We have all been waiting a long time for Streatham to start catching up with the rest of South West London but the signs of the last year and the beginning of 2014 points to an exciting change in the fortunes of our town.
There are many reasons Streatham has lagged behind other neighbouring areas in recent years but rising property prices confirm that Streatham is now ready to complete with its more affluent neighbours as a place to buy a home.   
Property prices fell away dramatically following the banking crisis in 2007/8. Since then there have been very modest price increases during 2010, 2011 and 2012., Then,  at the very beginning of 2013 there was a noticeable shift in an upward direction. 

It is hard to put a finger on why prices started to rise, but one factor could be the constant media talk about the Government Help to Buy scheme. This encouraged buyers who had been anxious about taking the plunge since the crash, in part because they feared a flood of buyers taking advantage of the Government scheme when it came into force. . Meanwhile, media Property commentators saw Streatham as a place which had been undervalued in recent years and as a town ready for growth and positive change.

The Streatham Hub development has also played a significant part in prices rising so fast. The A23 in the Southern section of Streatham had a lack of investment and had largely been ignored, with commercial premises lying empty and the closing of Streatham Leisure Centre seemingly a final nail coffin. However, following years of negotiation and hard work the green light was given to the Hub development the regeneration of Streatham South and Streatham Common had begun. 

The opening of Tesco, the new ice rink and a leisure centre has given the whole area an enormous boost and as a result areas around Streatham station such as the ‘Ferrers Triangle’,  Hopton Road and Gleneagle Road fringes have all seen demand for homes increase.
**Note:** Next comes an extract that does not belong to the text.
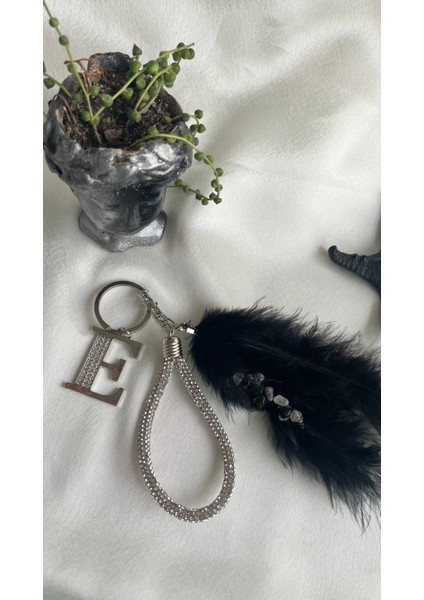Tasarım Kristal Taşlı Metal Harfli Anahtarlık Doğal Taş Enerji Detaylı, Mistik Koruma Siyah Tüy ve Doğal Taşlı Özel Tasarım Anahtarlık – Kristal Işlemeli E Harfi ile Mistik Enerji Sembolü fırsatları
This flurry of activity has also spread further south to the Common, Green Lane, Norbury and the roads around Streatham Common station and now beyond to Streatham Vale.                    

From January onwards month on month prices have risen at a frightening pace with most of Streatham seeing prices increase by some 40% in a year. It sounds incredible, but amazingly there are no signs that this trend will slow down with economic outlook much rosier. 

During 20 years of trading we have seen many peaks and troughs, but this peak is beyond anything we have seen before. Streatham still has room for growth and improvement so we believe that exciting times await.  Streatham is finally on the up.